Using Ray and Docker on a Cluster (EXPERIMENTAL)

Packaging and deploying an application using Docker can provide certain advantages. It can make managing dependencies easier, help ensure that each cluster node receives a uniform configuration, and facilitate swapping hardware resources between applications.

Create your Docker image

First build a Ray Docker image by following the instructions for Installation on Docker. This will allow you to create the ray-project/deploy image that serves as a basis for using Ray on a cluster with Docker.

Docker images encapsulate the system state that will be used to run nodes in the cluster. We recommend building on top of the Ray-provided Docker images to add your application code and dependencies.

You can do this in one of two ways: by building from a customized Dockerfile or by saving an image after entering commands manually into a running container. We describe both approaches below.

Creating a customized Dockerfile

We recommend that you read the official Docker documentation for Building your own image ahead of starting this section. Your customized Dockerfile is a script of commands needed to set up your application, possibly packaged in a folder with related resources.

A simple template Dockerfile for a Ray application looks like this:

# Application Dockerfile template
FROM ray-project/deploy
RUN git clone <my-project-url>
RUN <my-project-installation-script>

This file instructs Docker to load the image tagged ray-project/deploy, check out the git repository at <my-project-url>, and then run the script <my-project-installation-script>.

Build the image by running something like:

docker build -t <my-app> .

Replace <app-tag> with a tag of your choice.

Creating a Docker image manually

Launch the ray-project/deploy image interactively

docker run -t -i ray-project/deploy

Next, run whatever commands are needed to install your application. When you are finished type exit to stop the container.

Run

docker ps -a

to identify the id of the container you just exited.

Next, commit the container

docker commit -t <app-tag> <container-id>

Replace <app-tag> with a name for your container and replace <container-id> id with the hash id of the container used in configuration.

Publishing your Docker image to a repository

When using Amazon EC2 it can be practical to publish images using the Repositories feature of Elastic Container Service. Follow the steps below and see documentation for creating a repository for additional context.

First ensure that the AWS command-line interface is installed.

sudo apt-get install -y awscli

Next create a repository in Amazon’s Elastic Container Registry. This results in a shared resource for storing Docker images that will be accessible from all nodes.

aws ecr create-repository --repository-name <repository-name> --region=<region>

Replace <repository-name> with a string describing the application. Replace <region> with the AWS region string, e.g., us-west-2. This should produce output like the following:

{
    "repository": {
        "repositoryUri": "123456789012.dkr.ecr.us-west-2.amazonaws.com/my-app",
        "createdAt": 1487227244.0,
        "repositoryArn": "arn:aws:ecr:us-west-2:123456789012:repository/my-app",
        "registryId": "123456789012",
        "repositoryName": "my-app"
    }
}

Take note of the repositoryUri string, in this example 123456789012.dkr.ecr.us-west-2.amazonaws.com/my-app.

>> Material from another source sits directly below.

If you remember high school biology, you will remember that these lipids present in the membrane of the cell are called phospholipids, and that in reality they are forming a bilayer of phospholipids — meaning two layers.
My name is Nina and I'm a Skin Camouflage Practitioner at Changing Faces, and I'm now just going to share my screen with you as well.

Tag the Docker image with the repository URI.

docker tag <app-tag> <repository-uri>

Replace the <app-tag> with the container name used previously and replace <repository-uri> with URI returned by the command used to create the repository.

Log into the repository:

eval $(aws ecr get-login --region <region>)

Replace <region> with your selected AWS region.

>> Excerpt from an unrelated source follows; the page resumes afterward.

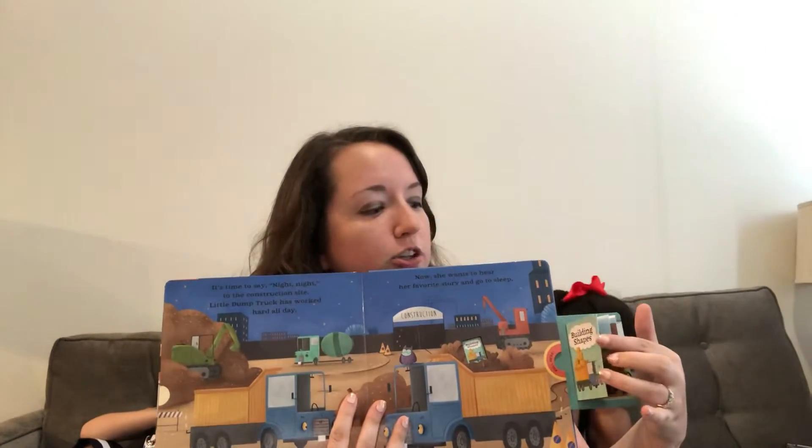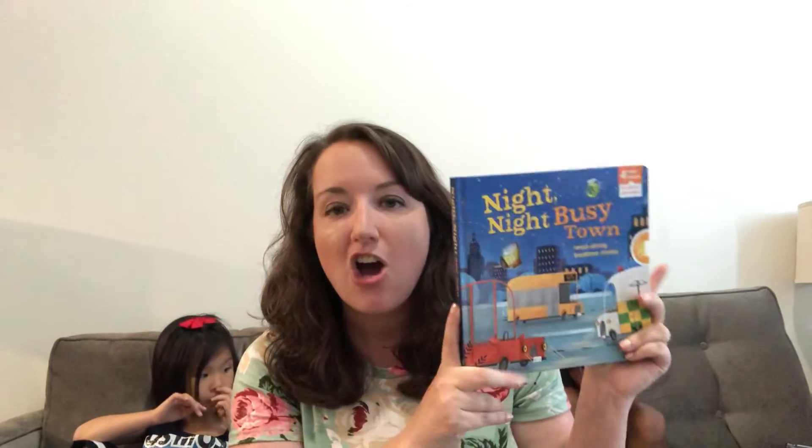This is a really cute durable book and it is from the same series as Night Night on the Farm.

Push the image to the repository:

docker push <repository-uri>

Replace <repository-uri> with the URI of your repository. Now other hosts will be able to access your application Docker image.

Starting a cluster

We assume a cluster configuration like that described in instructions for using Ray on a large cluster. In particular, we assume that there is a head node that has ssh access to all of the worker nodes, and that there is a file workers.txt listing the IP addresses of all worker nodes.

Install the Docker image on all nodes

Create a script called setup-docker.sh on the head node.

# setup-docker.sh
sudo apt-get install -y docker.io
sudo service docker start
sudo usermod -a -G docker ubuntu
exec sudo su -l ubuntu
eval $(aws ecr get-login --region <region>)
docker pull <repository-uri>

Replace <repository-uri> with the URI of the repository created in the previous section. Replace <region> with the AWS region in which you created that repository. This script will install Docker, authenticate the session with the container registry, and download the container image from that registry.

Run setup-docker.sh on the head node (if you used the head node to build the Docker image then you can skip this step):

bash setup-docker.sh

Run setup-docker.sh on the worker nodes:

parallel-ssh -h workers.txt -P -t 0 -I < setup-docker.sh

Launch Ray cluster using Docker

To start Ray on the head node run the following command:

eval $(aws ecr get-login --region <region>)
docker run \
    -d --shm-size=<shm-size> --net=host \
    <repository-uri> \
    ray start --head \
        --object-manager-port=8076 \
        --redis-port=6379 \
        --num-workers=<num-workers>

Replace <repository-uri> with the URI of the repository. Replace <region> with the region of the repository. Replace <num-workers> with the number of workers, e.g., typically a number similar to the number of cores in the system. Replace <shm-size> with the the amount of shared memory to make available within the Docker container, e.g., 8G.

To start Ray on the worker nodes create a script start-worker-docker.sh with content like the following:

eval $(aws ecr get-login --region <region>)
docker run -d --shm-size=<shm-size> --net=host \
    <repository-uri> \
    ray start \
        --object-manager-port=8076 \
        --redis-address=<redis-address> \
        --num-workers=<num-workers>

Replace <redis-address> with the string <head-node-private-ip>:6379 where <head-node-private-ip> is the private network IP address of the head node.

Execute the script on the worker nodes:

parallel-ssh -h workers.txt -P -t 0 -I < setup-worker-docker.sh

Running jobs on a cluster

On the head node, identify the id of the container that you launched as the Ray head.

docker ps

the container id appears in the first column of the output.

Now launch an interactive shell within the container:

docker exec -t -i <container-id> bash

Replace <container-id> with the container id found in the previous step.

Next, launch your application program. The Python program should contain an initialization command that takes the Redis address as a parameter:

ray.init(redis_address="<redis-address>")

Shutting down a cluster

Kill all running Docker images on the worker nodes:

parallel-ssh -h workers.txt -P 'docker kill $(docker ps -q)'

Kill all running Docker images on the head node:

docker kill $(docker ps -q)